I. Le manquement au devoir d’information : un fondement classique mais consolidé.
A. Un rappel du cadre légal.
En droit français, les établissements de crédit sont soumis à une obligation générale d’information et de mise en garde [3].
Cela implique notamment d’attirer l’attention de l’emprunteur sur le risque de change, lorsque le prêt est libellé en devise étrangère.
Cette solution est bien établie [4].
B. Apports de l’arrêt de la Cour d’appel de Lyon, 27 mars 2025.
Dans l’affaire tranchée par la Cour d’appel de Lyon (n°21/08790), il est reproché à la banque de n’avoir fourni aucune simulation sérieuse d’évolution du capital restant dû en fonction du taux de change euro/franc suisse.
C’est une nouvelle obligation pour les établissements de crédits.
La cour rappelle qu’une simple mention générale dans le contrat ne suffit pas : "Le prêteur est tenu de délivrer une information spécifique, claire et individualisée sur le risque de change".
Le prêt est annulé pour vice du consentement, en application de l’article 1130 du Code civil.
II. L’encadrement du caractère abusif des clauses de remboursement en devise étrangère.
A. Le contrôle de l’équilibre contractuel.
L’article L212-1 du Code de la consommation prohibe les clauses créant un déséquilibre significatif entre les droits et obligations des parties [5].
B. La décision du Tribunal judiciaire de Bourg-en-Bresse du 17 avril 2025.
Le tribunal a annulé la clause de remboursement en euros d’un prêt indexé sur le franc suisse, en relevant :
- L’absence de mécanisme de plafonnement du risque ;
- L’impossibilité pour l’emprunteur de bénéficier d’une reconversion sans pénalité ;
- L’absence de compensation par un taux d’intérêt réduit.

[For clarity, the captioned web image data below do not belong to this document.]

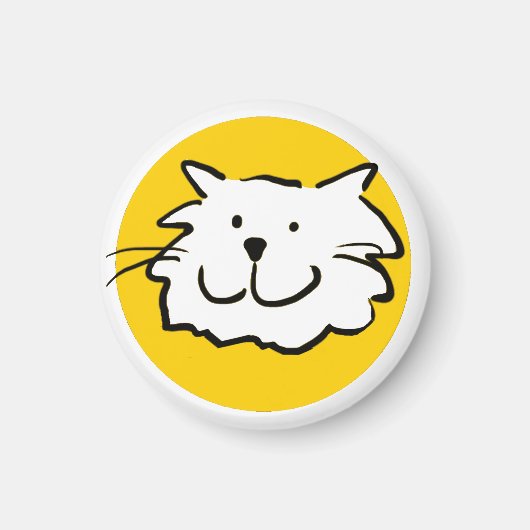 Happy Smiling Cat als Fun Cartoon Illustratie Magneet (Voorkant)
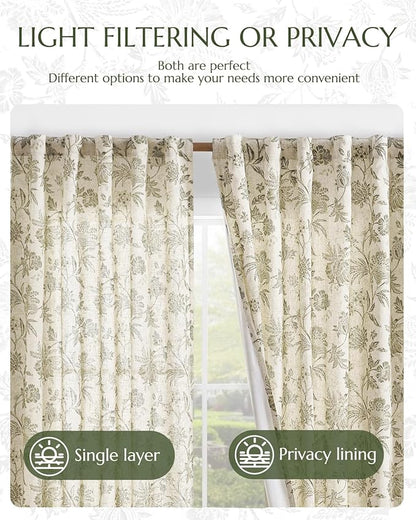 jinchan Lined Linen Floral Curtains for Living Room, 63 Inch Length Printed Flower Farmhouse Patterned French Country Back Tab Green Window Drapes Set Privacy Bedroom Curtains, 2 Panels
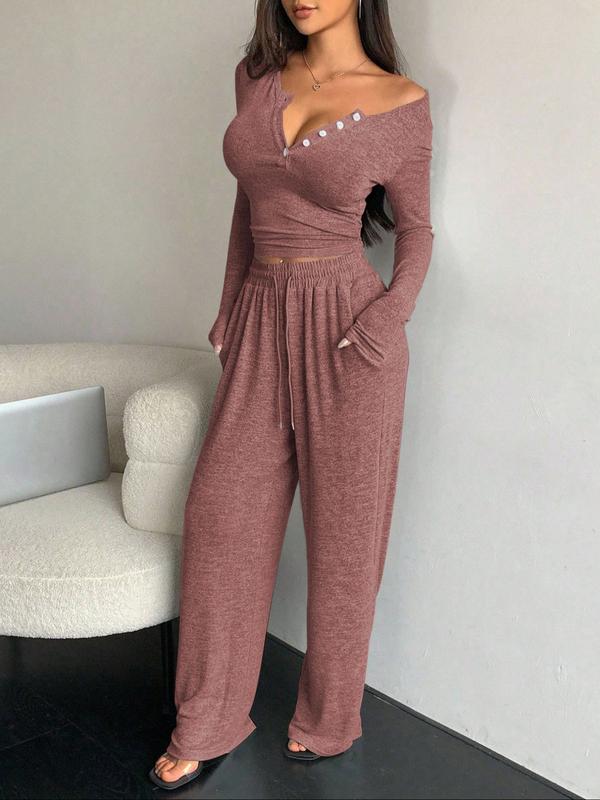 Women's Cozy Two-Piece Lounge Set for Fall & Winter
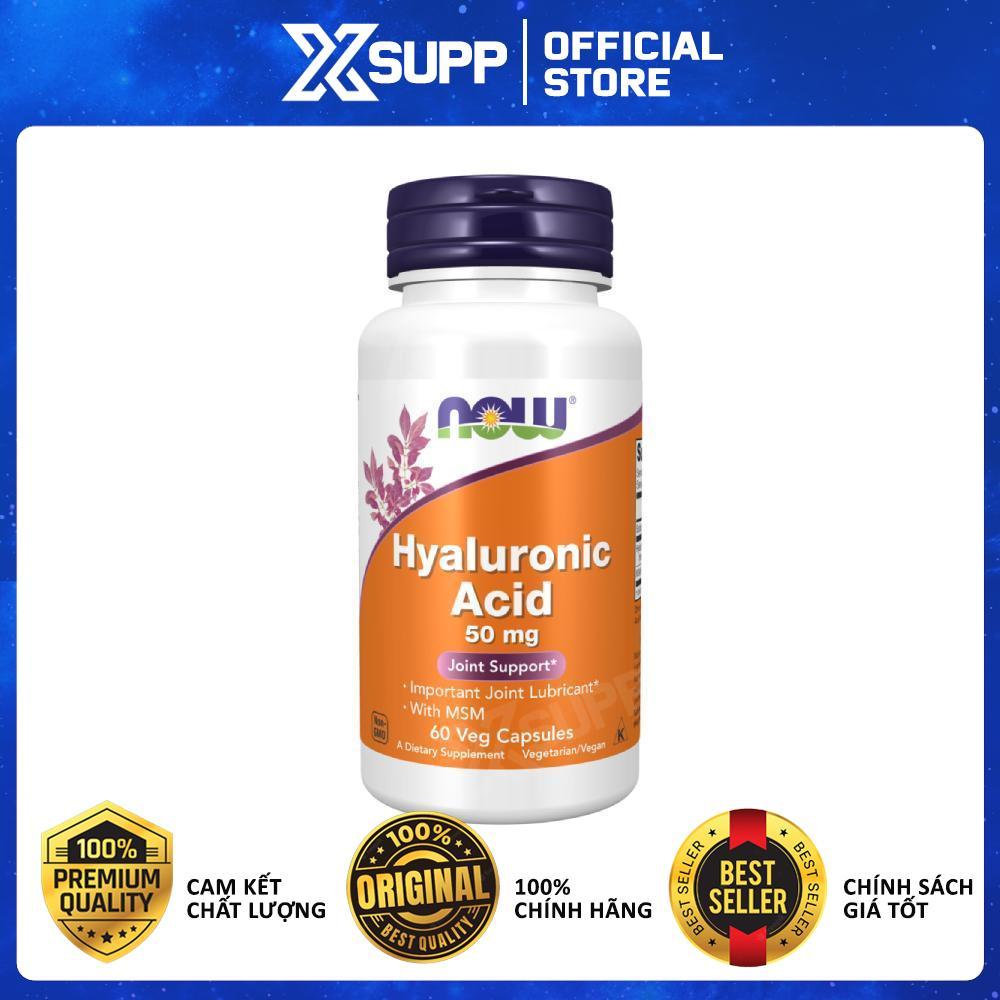 Viên Uống Hyaluronic Acid 50mg Now – Hỗ Trợ Khớp & Da Mịn Màng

Ce sont des nouveaux arguments qui viennent compléter les failles des contrats bancaires et donc multiplier les chances d’annulation des crédits immobiliers libellés en francs suisse.
III. L’influence déterminante de la jurisprudence européenne.
A. CJUE, arrêt C-186/16 du 20 septembre 2017 (Andriciuc).
Au-delà de ces nouvelles obligations, la tendance majeure est l’utilisation de plus en plus importante par nos tribunaux nationaux des jurisprudences communautaires.
Dans l’arrêt Andriciuc, la CJUE rappelle que la clause de remboursement en devise étrangère doit être rédigée de manière claire afin que l’emprunteur soit capable d’évaluer ses conséquences économiques.
La seule mention de l’existence d’un risque de change ne suffit pas : il faut que l’emprunteur puisse en mesurer l’impact.
Les juridictions françaises s’alignent donc sur cette vision protectrice du consommateur emprunteur.
B. Application au contentieux français.
Le juge français applique aujourd’hui systématiquement ce raisonnement : si la Cour d’appel avait ouvert le chemin [6], si la Cour d’appel de Besançon avait "requalifiée" le prêt de francs suisses en euros [7], la sanction d’annulation va encore plus loin et est, évidemment, plus favorable à l’emprunteur.
IV. Quelles perspectives pour les emprunteurs ?
Ces récentes décisions confortent plusieurs axes d’actions pour les emprunteurs :
- Demander l’annulation du contrat pour vice du consentement ;
- Soutenir le caractère abusif des clauses de remboursement en devise étrangère ;
- Obtenir la substitution du prêt par un prêt en euros sans risque de change ;
- Réclamer des dommages intérêts qui viennent "compenser" la trop grande variation des intérêts en francs suisse.
Conclusion.
L’actualité récente des prêts en francs suisses marque un net infléchissement jurisprudentiel en faveur des emprunteurs.
Face à l’in-transparence bancaire passée, les juridictions françaises, encouragées par la CJUE, offrent désormais des leviers efficaces pour obtenir l’annulation ou l’aménagement de contrats déséquilibrés.
Le développement de ces contentieux devrait inciter les établissements financiers à une vigilance accrue lors de la souscription de prêts en devises étrangères.